Рисунок сделал Худайберды Аннабердыев, художник-каллиграф. Путешествуя по Средней Азии, я побывал у него в гостях, под Ашхабадом; слушал рассказы о жизни, о раритетах, прошедших через его руки, о почти угасшей сегодня в нашей стране профессии, о великих каллиграфах, чья слава пережила столетия.

Но голубая ящерица... Самое удивительное, я видел ее давным-давно, в незапамятные времена, в детстве. Однако все по порядку.

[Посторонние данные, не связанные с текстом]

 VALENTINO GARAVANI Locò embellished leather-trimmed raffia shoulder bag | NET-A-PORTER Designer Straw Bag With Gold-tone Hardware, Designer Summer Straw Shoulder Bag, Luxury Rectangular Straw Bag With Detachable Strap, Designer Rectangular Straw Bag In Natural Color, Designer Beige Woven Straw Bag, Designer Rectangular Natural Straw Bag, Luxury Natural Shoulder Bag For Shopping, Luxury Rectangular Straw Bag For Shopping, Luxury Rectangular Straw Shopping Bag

Худайберды Аннабердыеву без малого девяносто лет. Он помнит неподъемные тюркские летописи, обтянутые бараньей шкурой. Особой лопаточкой, вырезанной из слоновой кости, перекладывал он хрупкие листы индийских рукописей, страницы которых украшены перьями птиц, рыбьей чешуей, лепестками цветов, а переплеты покрыты древним прозрачным лаком такой крепости, что лезвие ножа не оставляет на них и следа. Рассматривал роскошные диваны (Диван — в классических литературах Востока сборник стихотворений одного поэта, расположенных строго по жанрам и в алфавитном порядке рифм.) персидских стихотворцев, где несравненные миниатюры сверкают подобно драгоценным камням, а пространство между поэтическими строками залито золотом. Его пальцы прикасались к рукописям, исполненным на коре белого тополя, начертанным на коже кулана и на пальмовых листьях. Он помнит их цвет, запах, особенности и изъяны, судьбу каллиграфов и судьбу тех, кто владел бесценными книгами, помнит наклон букв, колофоны и картуши, глянцевитость или шероховатость материала, рецепты чернил, туши, красок, бумаги. Одним словом, все, что положено знать мастеру, вступившему в благородный цех каллиграфов и давшему клятву при посвящении: «письмо — половина мудрости», а «бумага — светоч бытия, бросающая луч на прах».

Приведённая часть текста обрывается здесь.